Details
-
Bug
-
Resolution: Fixed
-
None
-
Empty show more show less
Description
problem
The min max segment length is defined in the transunit. Currently translate5 uses for length calculation only the contents inside the mrk tags. So the length of content outside between the mrk tags (mostly whitespace) is missing.
This must be changed, so that the length of the additional characters is also added.
solution
The length of other content (outside/between mrk mtype seg tags) is also saved for length calculation.
Assume the following <target>, where "bef", "betweenX" and "aft" are assumed as whitespace, (since other content as whitespace outside of mrks gices an error).

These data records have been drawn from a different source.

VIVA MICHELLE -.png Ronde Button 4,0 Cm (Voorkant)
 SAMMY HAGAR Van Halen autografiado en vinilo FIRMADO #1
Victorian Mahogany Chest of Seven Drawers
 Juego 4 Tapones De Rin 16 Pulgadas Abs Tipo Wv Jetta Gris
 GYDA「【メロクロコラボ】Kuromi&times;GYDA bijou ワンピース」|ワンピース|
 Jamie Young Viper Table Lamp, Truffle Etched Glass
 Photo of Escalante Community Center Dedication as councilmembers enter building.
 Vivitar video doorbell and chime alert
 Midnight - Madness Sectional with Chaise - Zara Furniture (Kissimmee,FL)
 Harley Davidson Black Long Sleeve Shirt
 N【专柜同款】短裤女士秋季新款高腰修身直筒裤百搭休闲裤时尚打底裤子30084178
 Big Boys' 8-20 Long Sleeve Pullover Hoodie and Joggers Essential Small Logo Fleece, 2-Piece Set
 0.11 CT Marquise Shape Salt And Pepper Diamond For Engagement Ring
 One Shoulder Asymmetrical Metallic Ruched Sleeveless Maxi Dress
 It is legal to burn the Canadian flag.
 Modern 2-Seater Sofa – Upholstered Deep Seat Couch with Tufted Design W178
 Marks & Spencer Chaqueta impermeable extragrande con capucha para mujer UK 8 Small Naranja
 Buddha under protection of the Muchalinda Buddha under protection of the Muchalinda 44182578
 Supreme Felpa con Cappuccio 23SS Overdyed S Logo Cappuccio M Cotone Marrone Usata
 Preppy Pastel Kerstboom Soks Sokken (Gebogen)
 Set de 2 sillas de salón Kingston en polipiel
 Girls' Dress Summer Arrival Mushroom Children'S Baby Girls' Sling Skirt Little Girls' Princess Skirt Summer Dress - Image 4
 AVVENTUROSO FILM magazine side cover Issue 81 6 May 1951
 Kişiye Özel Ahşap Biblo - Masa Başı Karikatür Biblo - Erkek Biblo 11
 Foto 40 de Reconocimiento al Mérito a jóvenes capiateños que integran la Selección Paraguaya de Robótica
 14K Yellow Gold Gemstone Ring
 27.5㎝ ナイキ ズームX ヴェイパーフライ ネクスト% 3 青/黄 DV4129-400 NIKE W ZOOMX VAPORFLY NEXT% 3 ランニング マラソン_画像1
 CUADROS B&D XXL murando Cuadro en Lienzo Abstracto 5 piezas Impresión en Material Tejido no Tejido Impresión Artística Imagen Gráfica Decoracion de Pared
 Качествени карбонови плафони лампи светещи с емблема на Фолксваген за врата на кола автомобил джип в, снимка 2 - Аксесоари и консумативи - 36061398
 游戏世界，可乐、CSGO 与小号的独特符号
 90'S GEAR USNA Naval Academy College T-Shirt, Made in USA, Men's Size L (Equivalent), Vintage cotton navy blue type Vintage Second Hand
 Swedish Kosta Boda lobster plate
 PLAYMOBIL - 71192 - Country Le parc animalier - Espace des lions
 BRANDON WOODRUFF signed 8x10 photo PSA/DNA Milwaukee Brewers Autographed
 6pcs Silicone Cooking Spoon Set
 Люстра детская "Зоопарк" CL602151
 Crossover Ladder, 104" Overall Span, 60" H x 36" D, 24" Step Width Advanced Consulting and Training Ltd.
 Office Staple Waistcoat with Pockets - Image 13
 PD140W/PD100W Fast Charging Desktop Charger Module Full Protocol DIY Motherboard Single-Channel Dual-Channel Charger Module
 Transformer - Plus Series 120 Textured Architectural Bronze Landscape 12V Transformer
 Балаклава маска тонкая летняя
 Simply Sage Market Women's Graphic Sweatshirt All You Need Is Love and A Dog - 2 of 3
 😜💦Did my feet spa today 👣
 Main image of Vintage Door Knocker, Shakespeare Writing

<target>bef<mrk>text 1</mrk>between1<mrk>text 2</mrk>between1<mrk>text 3</mrk>aft</target>
The length of "bef" is saved as "additionalUnitLength" to each segment, the length of each whitespace after a closed mrk is saved to that mrk as "additionalMrkLength". That means the lengths of "betweenX" and the final "aft" are saved each to the preceding segment defined by the mrk.
Each additionalMrkLength is added automatically to the segments content length in siblingData, the additionalUnitLength instead must be only added once on each length calculation (where siblingData is used) - this is just since the additionalUnitLength is independent of the MRKs. That means: the length stored in siblingData is the segment text length and the additionalMrkLength.
preserveWhitespace has influence to the otherContent:
if preserveWhitespace is true (wether in the trans-unit or in the application), the length of otherContent is always the real length, since the othercontent is taken over completely.
if preserveWhitespace is false in the config, the default behaviour is then: whitespace in other content is removed and ignored in length counting expect the content between two mrk tags (<mrk>content</mrk> HERE <mrk>next content</mrk>): here the othercontent in between the mrks is condensed to one whitespace (or if there is another tag inbetween to one whitespace before that tag, and one after).
Before: <mrk>content</mrk> <mrk>next content</mrk> After: <mrk>content</mrk> <mrk>next content</mrk>
Before: <mrk>content</mrk> <x> <mrk>next content</mrk> After: <mrk>content</mrk> <x> <mrk>next content</mrk>
source and target MRK padding if MRKs are different in source vs target:
if there is no target content (translation task), MRK padding is no problem since there is no target to compare and add missing MRKs
if there is a target content: just use the target otherContent since padded target MRKs could not be edited and are not added as new MRKs in the target. So no otherContent must be considered here. This will change with implementing merging and splitting!